*Problem to solve*
Repeat word for word the opening stretch of the entries, from the first line through the line containing "100 E Huron Street 2904".

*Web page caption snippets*
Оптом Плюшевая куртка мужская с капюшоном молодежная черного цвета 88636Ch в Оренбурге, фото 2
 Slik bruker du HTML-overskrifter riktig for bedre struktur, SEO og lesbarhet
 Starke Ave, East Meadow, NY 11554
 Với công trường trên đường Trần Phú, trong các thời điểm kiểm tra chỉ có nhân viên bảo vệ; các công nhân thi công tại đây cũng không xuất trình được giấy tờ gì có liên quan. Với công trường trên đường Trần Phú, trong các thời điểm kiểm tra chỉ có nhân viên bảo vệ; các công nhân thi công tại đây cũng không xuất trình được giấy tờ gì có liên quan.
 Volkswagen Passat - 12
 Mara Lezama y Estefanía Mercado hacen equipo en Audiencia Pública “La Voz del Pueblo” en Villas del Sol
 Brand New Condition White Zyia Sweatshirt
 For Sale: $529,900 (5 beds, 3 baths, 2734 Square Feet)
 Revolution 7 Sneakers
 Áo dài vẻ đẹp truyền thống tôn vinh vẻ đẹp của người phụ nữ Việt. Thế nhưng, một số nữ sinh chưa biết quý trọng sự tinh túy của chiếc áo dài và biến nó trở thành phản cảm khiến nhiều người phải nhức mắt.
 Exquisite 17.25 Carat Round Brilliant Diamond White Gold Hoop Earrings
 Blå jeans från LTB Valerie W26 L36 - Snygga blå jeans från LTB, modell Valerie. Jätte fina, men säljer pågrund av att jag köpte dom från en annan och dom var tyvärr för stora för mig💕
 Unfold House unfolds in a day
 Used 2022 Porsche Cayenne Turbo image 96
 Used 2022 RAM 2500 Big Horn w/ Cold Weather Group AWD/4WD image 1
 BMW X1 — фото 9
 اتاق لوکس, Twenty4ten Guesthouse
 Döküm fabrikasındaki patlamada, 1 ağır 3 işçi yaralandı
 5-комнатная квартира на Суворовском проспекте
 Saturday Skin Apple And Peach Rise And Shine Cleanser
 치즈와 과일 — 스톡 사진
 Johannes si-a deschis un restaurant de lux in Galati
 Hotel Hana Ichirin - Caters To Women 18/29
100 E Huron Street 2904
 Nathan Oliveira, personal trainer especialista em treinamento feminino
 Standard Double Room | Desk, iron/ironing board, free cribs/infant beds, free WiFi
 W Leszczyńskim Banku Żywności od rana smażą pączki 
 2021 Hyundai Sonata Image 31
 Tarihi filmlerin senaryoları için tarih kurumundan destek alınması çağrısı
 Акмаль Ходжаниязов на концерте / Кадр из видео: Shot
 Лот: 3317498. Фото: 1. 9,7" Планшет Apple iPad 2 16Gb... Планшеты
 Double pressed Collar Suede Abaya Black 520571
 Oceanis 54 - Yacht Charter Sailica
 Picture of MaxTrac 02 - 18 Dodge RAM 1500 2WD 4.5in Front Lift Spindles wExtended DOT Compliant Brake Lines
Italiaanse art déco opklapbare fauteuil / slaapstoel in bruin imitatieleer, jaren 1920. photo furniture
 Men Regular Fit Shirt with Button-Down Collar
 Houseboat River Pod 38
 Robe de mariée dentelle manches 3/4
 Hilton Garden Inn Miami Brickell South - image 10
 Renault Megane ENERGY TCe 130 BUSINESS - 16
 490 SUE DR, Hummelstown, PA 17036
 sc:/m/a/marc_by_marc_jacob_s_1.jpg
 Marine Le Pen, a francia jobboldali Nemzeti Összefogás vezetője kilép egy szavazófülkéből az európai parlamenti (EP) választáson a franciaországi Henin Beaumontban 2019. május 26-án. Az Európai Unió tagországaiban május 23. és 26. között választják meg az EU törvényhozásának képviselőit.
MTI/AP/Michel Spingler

*Response box*
Оптом Плюшевая куртка мужская с капюшоном молодежная черного цвета 88636Ch в Оренбурге, фото 2
 Slik bruker du HTML-overskrifter riktig for bedre struktur, SEO og lesbarhet
 Starke Ave, East Meadow, NY 11554
 Với công trường trên đường Trần Phú, trong các thời điểm kiểm tra chỉ có nhân viên bảo vệ; các công nhân thi công tại đây cũng không xuất trình được giấy tờ gì có liên quan. Với công trường trên đường Trần Phú, trong các thời điểm kiểm tra chỉ có nhân viên bảo vệ; các công nhân thi công tại đây cũng không xuất trình được giấy tờ gì có liên quan.
 Volkswagen Passat - 12
 Mara Lezama y Estefanía Mercado hacen equipo en Audiencia Pública “La Voz del Pueblo” en Villas del Sol
 Brand New Condition White Zyia Sweatshirt
 For Sale: $529,900 (5 beds, 3 baths, 2734 Square Feet)
 Revolution 7 Sneakers
 Áo dài vẻ đẹp truyền thống tôn vinh vẻ đẹp của người phụ nữ Việt. Thế nhưng, một số nữ sinh chưa biết quý trọng sự tinh túy của chiếc áo dài và biến nó trở thành phản cảm khiến nhiều người phải nhức mắt.
 Exquisite 17.25 Carat Round Brilliant Diamond White Gold Hoop Earrings
 Blå jeans från LTB Valerie W26 L36 - Snygga blå jeans från LTB, modell Valerie. Jätte fina, men säljer pågrund av att jag köpte dom från en annan och dom var tyvärr för stora för mig💕
 Unfold House unfolds in a day
 Used 2022 Porsche Cayenne Turbo image 96
 Used 2022 RAM 2500 Big Horn w/ Cold Weather Group AWD/4WD image 1
 BMW X1 — фото 9
 اتاق لوکس, Twenty4ten Guesthouse
 Döküm fabrikasındaki patlamada, 1 ağır 3 işçi yaralandı
 5-комнатная квартира на Суворовском проспекте
 Saturday Skin Apple And Peach Rise And Shine Cleanser
 치즈와 과일 — 스톡 사진
 Johannes si-a deschis un restaurant de lux in Galati
 Hotel Hana Ichirin - Caters To Women 18/29
100 E Huron Street 2904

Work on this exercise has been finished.